Preliminary Recommendation

The team should pursue the Accountability Intervention. Emily must stop subsidizing Jim's performance. By assigning him the final 15 percent with a hard internal deadline, the team creates a documented trail of his performance. If he fails, the peer evaluation serves as the secondary enforcement mechanism. This approach addresses both the immediate need for a finished product and the long-term need for fairness.
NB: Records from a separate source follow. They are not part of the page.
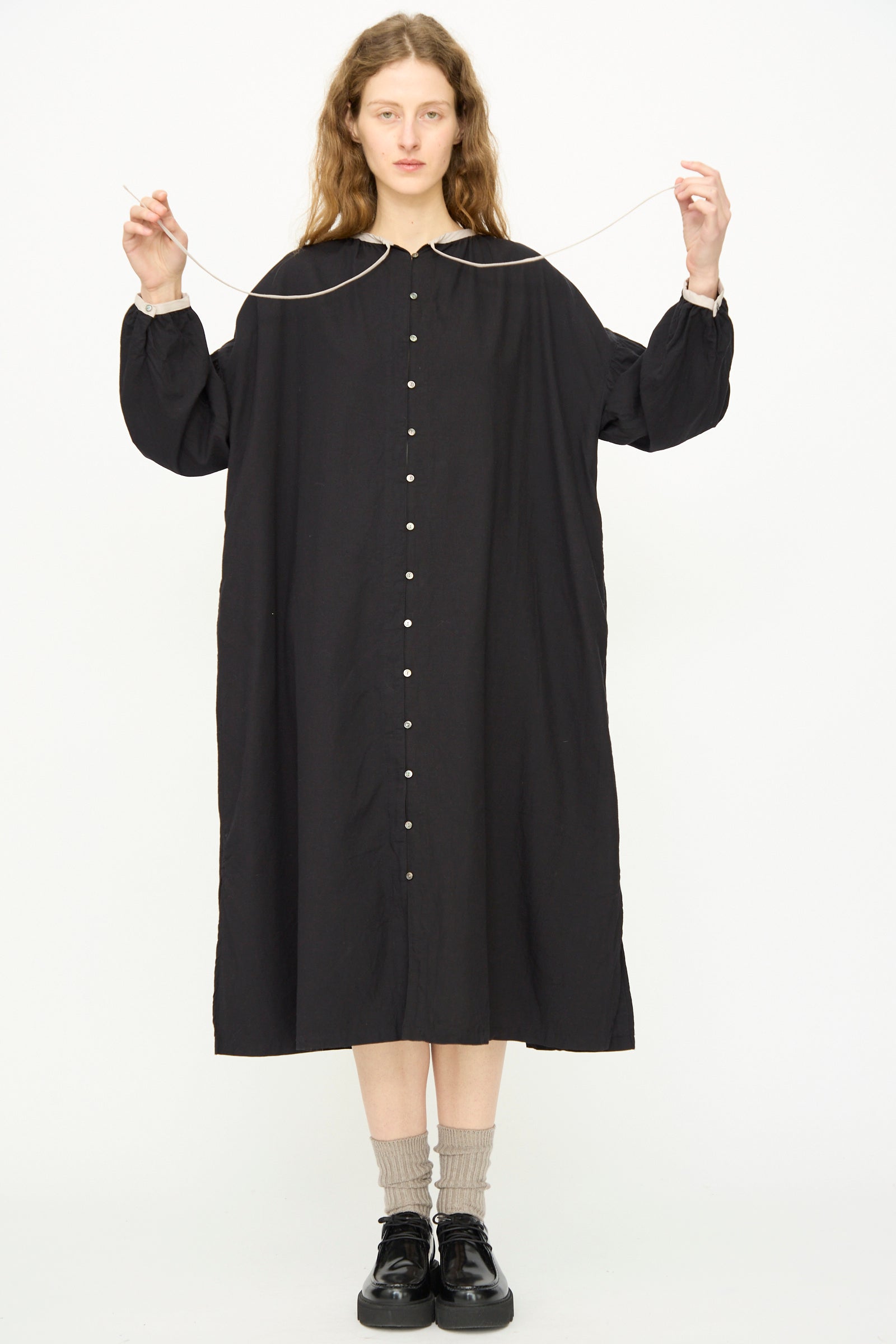 A person stands facing forward, wearing the Ichi Antiquités Cotton Cashmere Viyella Dress in Black, paired with beige socks and black shoes while holding a thin string with both hands.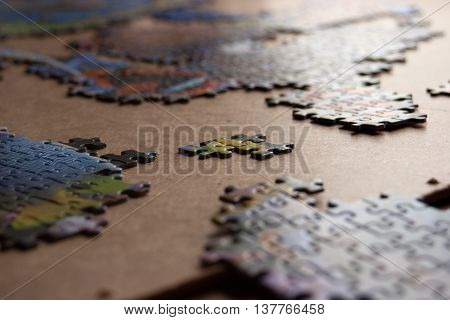Partially completed color puzzle on table closeup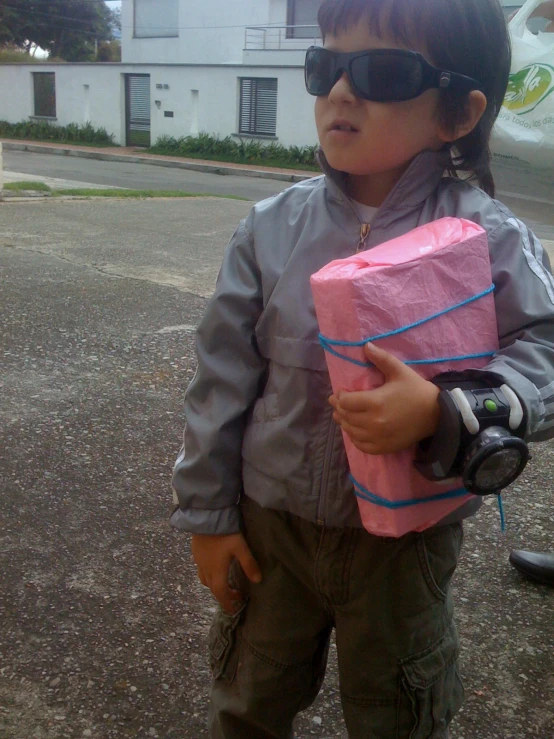 a  wearing sunglasses and holding pink paper wrapped present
3. Implementation Planning

Critical Path

  • Hour 0-2: Emily and Sarah draft a memorandum of remaining tasks and specific ownership.
  • Hour 3-5: Mandatory team meeting. Present the task list. Explicitly state that Jim is responsible for the Executive Summary and Appendix validation.
  • Hour 24: Internal deadline for Jim's deliverables.
  • Hour 25-30: Review period. If Jim fails, Emily and Sarah execute the contingency plan (pre-drafted templates).
  • Hour 48: Final submission and individual completion of peer evaluation forms.

Key Constraints

  • Time Friction: The proximity to the deadline limits the ability to train Jim on complex data. Tasks assigned must be discrete and manageable.
  • Emotional Volatility: Emily's frustration may lead to an aggressive tone that causes Jim to disengage entirely.
  • Faculty Non-Intervention: The assumption is that the team must resolve this internally as the professor rarely intervenes in MBA-level group dynamics.
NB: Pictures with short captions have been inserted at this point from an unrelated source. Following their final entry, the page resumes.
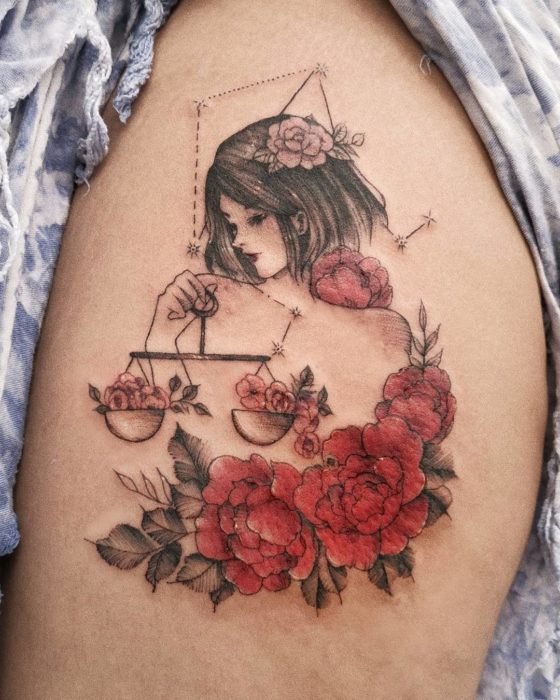 Tatuaje de una chica sosteniendo una balanza y flores a un lado, en tinta negra y color en la pierna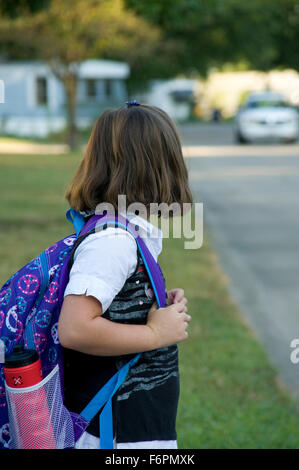 Girl waiting at the busstop Stock Photo: 117345736 - Alamy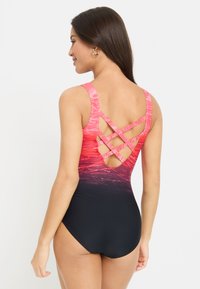 Maillot de bain une pièce avec un dégradé de rose à noir. Doté de bretelles épaisses et d'un dos entrecroisé. Fabriqué en tissu lisse et extensible.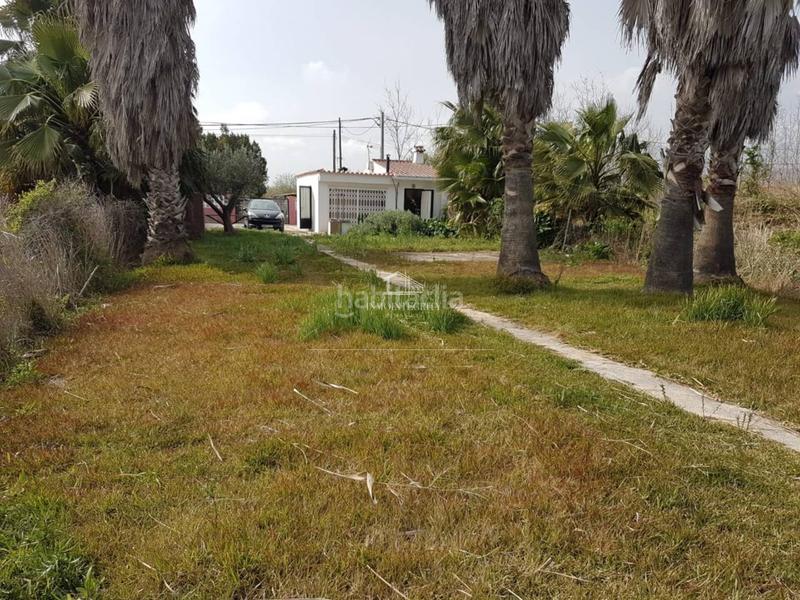 Foto c810887d-1cc2-48ac-819f-4ff1a1514618. Casa amb aparcament a El Grao Castellón de la Plana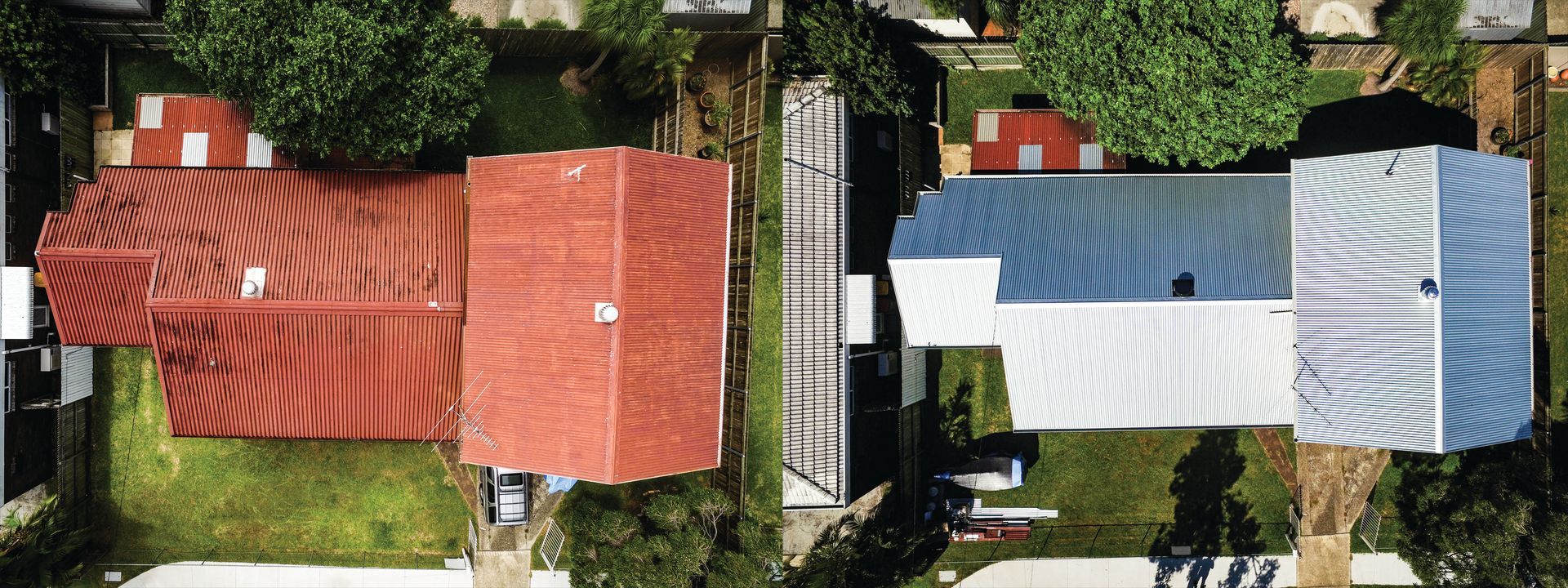 Overhead view of two houses with red and blue roofs, separated by a narrow driveway and greenery
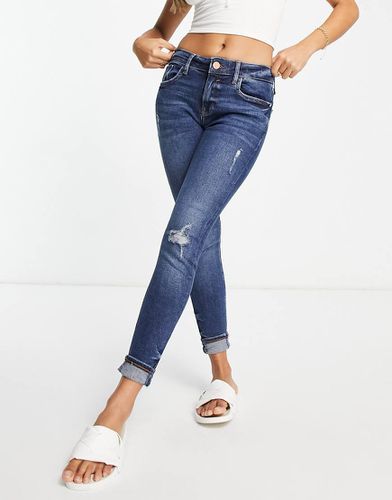 Jeans skinny a vita medio alta medio con risvolto - River Island - Modalova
Risk-Adjusted Implementation Strategy

The strategy assumes Jim will provide sub-par work. To mitigate this, Sarah will be assigned as a shadow for the executive summary. She will not do the work but will check in at Hour 12 to provide guidance. This reduces the likelihood of a total failure at the 24-hour mark. If Jim produces nothing, the team will use a pre-structured template to finish the work in a 3-hour sprint. The peer evaluation will then be used to recommend a significant grade reduction for Jim, supported by the documented failure to meet the Hour 24 deadline.
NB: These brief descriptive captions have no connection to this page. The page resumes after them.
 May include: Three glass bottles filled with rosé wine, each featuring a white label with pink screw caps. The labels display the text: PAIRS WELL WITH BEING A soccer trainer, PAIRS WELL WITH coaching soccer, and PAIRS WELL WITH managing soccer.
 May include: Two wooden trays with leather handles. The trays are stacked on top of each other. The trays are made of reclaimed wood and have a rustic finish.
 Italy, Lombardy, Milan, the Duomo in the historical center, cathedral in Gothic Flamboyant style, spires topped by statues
4. Executive Review and BLUF

BLUF

Team 4 must immediately cease the internal subsidization of Jim's performance. Emily's current path of absorbing all work protects the grade but destroys team sustainability and personal well-being. The team must shift to a hard-deadline model for the remaining 15 percent of the project. If Jim fails to deliver by the internal 24-hour mark, the team must finalize the project without him and use the peer evaluation system to trigger an individual grade penalty. Fairness in a professional setting is not a byproduct of silence; it is a result of enforced accountability. The goal is to secure the A for Emily while ensuring Jim's grade reflects his 8-hour contribution rather than Emily's 45-hour effort.

Dangerous Assumption

The analysis assumes that Jim cares about the peer evaluation penalty. If Jim has already secured a job and only needs to pass, a 15 percent grade reduction may not motivate him. The team is operating on the premise that Jim is a rational actor motivated by grades, which his behavior contradicts.

Unaddressed Risks

  • Reputational Backlash: In a small MBA cohort, Emily being labeled as difficult or a grade-minder could hurt her networking prospects, which Jim currently dominates.
  • Retaliatory Evaluation: Jim may provide Emily with a poor peer evaluation score in retaliation for the confrontation, potentially dragging down her grade despite her high output.

Unconsidered Alternative

The team failed to consider a formal mediation session with the professor or a teaching assistant before the deadline. While MBA students are expected to self-manage, a documented meeting with a third party creates an official record that prevents Jim from disputing the peer evaluation results later. This move shifts the conflict from a personal dispute to a documented performance issue.